My weekend alternated between perfectly lovely and downright crappy.

Lovely
We had a nice, long picnic for our friend L. who graduated from her master's program. I've been officially latched on to by A.'s childhood friend C.'s fiance, who does not relate to anybody else in the group. (Possibly because I'm still officially an outsider as well, and most likely because I'm one of the few women in the group C. has not shacked up with.) I'm quickly becoming the confidante; whether it's because I can remain objective and discreet, or because I'm just a very good listener, or whether these people are genuinely interested in being my bosom friends, I'm not sure.

Also, A.'s aunt and uncle were in town and we ate a lot. A lot. Lunch at the Slanted Door Saturday, an afternoon of snacking and sampling yesterday.

And we got to see our dear friend L. get hooded, which was wonderful, even if her stinky on-again-off-again boyfriend was there.

(I don't like him. He touches too much. Too many elbow grabs and hands on shoulders. Very insincere.)

And then there's ...

Crappy
We went to see "About a Boy" and got stuck in a traffic jam coming off the freeway, weird for movie theater traffic on Saturday, especially when I assumed everybody was out of town. Consequently, after spending 20 minutes trying to get through a traffic light, A. got fed up and got back on the highway, so we had to watch "Heist" instead. (I file "Heist" on the "hate" side of my love/hate relationship with David Mamet.)

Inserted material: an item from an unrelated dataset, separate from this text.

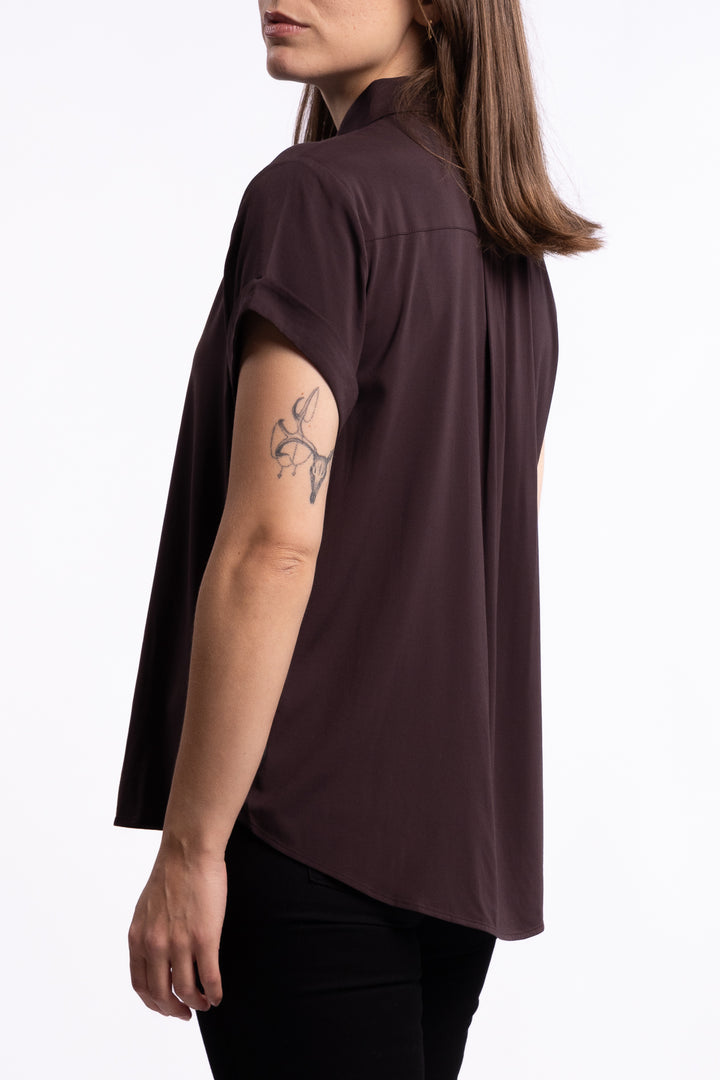 Majan SS Shirt 9942 - Black Coffee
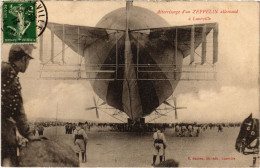 PC AVIATION ZEPPELIN ATTERRISSAGE LUNEVILLE (a54172) - Luchtschepen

A. got a flat coming home from his parents' late last night. And the very hot AAA driver (who looked like a dashing comic strip superhero in disguise) wouldn't take our $20 tip.

I got home at midnight, turned on my (relatively new) iBook, and my hard drive had disappeared. Fuck fuck fuck fuck.

And another thing: That New York Times article about September 11 caught me off guard. We saw Ground Zero on our visit to NYC two weeks ago, and I was fine: no tears, emotion of disbelief more than horror. Then I pick up the paper, read a few paragraphs, and suddenly I'm sobbing.

A bad, bad way to start a Sunday morning.

I think what horrifies me the most about 9/11 is imagining what those people must have been thinking in the final moments of their lives. "This can't actually be happening." Their whole world crashing down around them, and they have no way of knowing what else is going on, if it's really the end of the world or just a freak, freak accident, but knowing that they're dying because they're in the wrong place at the wrong time.

I have also become increasingly anxious about the next round. A. has no idea how I truly worry about him. How I am dying inside at the thought of possibly losing him, even though it's such a distant chance that it shouldn't even cross my mind. Yet I fret. I get a little teary about it. If he knew, he'd be really spooked, I think.

Lunchtime ... think I'll go pick up a copy of Norton Utilities and try to salvage my entire life ... er, hard drive.